He put the thought out of mind again, burying it where emotions should be buried in favor of function and reason. But God if it wasn't hard to do. He tapped his pen on the table, staring at his notes. He was no biochemist and while he could have called his uncle he doubted it would do him any good. His skin itched. He turned, grasped the fifth of scotch, and imbibed more of the foul smelling concoction. At least it was numbing him, little by little.
A splat of ecto landed by his hand. Slimer was comforting himself with half a chocolate bar. He glared up at his companion. The ghost was really nothing but a stomach, unable to resist even the smallest of impulses...
A stomach.
He slapped a hand to his forehead, narrowly missing his glasses. Of course, the answer was obvious. He reached into a desk drawer, pulled out a fresh slide, and waved it at Slimer.
"Slimer. Treat."
Of course, his hand was engulfed with the slide, but that didn't matter as much. He pulled his hand gently from the pulsating gullet the spook packed everything away in and slid his chair over to the desk his microscope lay waiting on. Slimer made a disappointed noise.

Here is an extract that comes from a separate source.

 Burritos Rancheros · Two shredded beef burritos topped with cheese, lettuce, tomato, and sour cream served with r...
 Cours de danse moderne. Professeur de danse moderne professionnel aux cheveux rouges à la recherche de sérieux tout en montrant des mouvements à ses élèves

He flicked his slimed hand impatiently, took another gulp of the scotch, and promptly regretted turning the lamps-sans-dimmer on. He winced away, black spots swimming all over the room. The phone rang again, and he again ignored it.

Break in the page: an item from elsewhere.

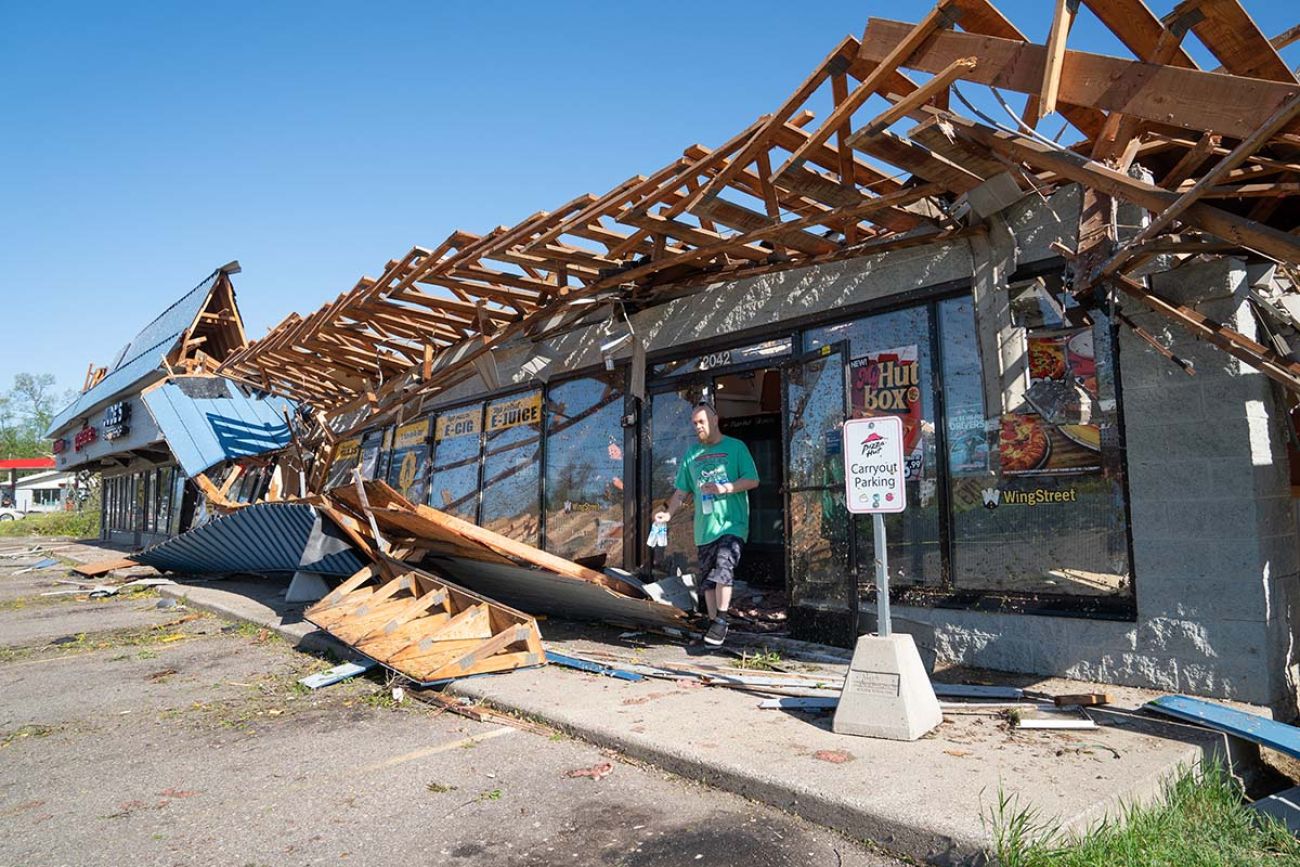 Severely damaged this Pizza Hut from a tornado in Portage, Michigan. A man is walking out of the store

He turned back to the microscope after a moment, turning the dimmer until it was nearly shutting out all the light and placing the slide into its proper place on the stage. He pushed his glasses back and cautiously peered down into it. He was familiar with Slimer's functions, yes, but review was good. Especially since he had not viewed the cellular behavior in the spud recently.
Not much had changed, which was good because it gave him firmer standing. Now he just needed to figure out how to slow or reverse the digestive process. Which was extremely complex in humans, much less in the paranormal world.

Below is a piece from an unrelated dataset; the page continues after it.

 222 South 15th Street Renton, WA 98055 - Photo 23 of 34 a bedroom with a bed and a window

He sighed. He had nothing to lose by trying a human means. "Slimer, get the red bottle of cough syrup out of the bathroom cabinet."
About a month ago he had suffered from acute bronchitis bordering on pneumonia, and as luck would have it that came with a prescription for cough syrup containing codeine. It also came with an obscene bill, but that was neither here nor there. Codeine was an opiate, which would slow metabolic rates in humans.
He fingered his midsection ruefully. Ectomorphic my widening posterior.
Once the bottle was in hand he knew he could not ingest it. While it had not gone past its expiration date and become dangerous he had been consuming alcohol, which would not bode well in the mixing. Instead he pulled out an eyedropper and added a small amount to the slide, observing the progress through the scope. The phone started its irritating ringing once more. He was likely down to 8 hours by now.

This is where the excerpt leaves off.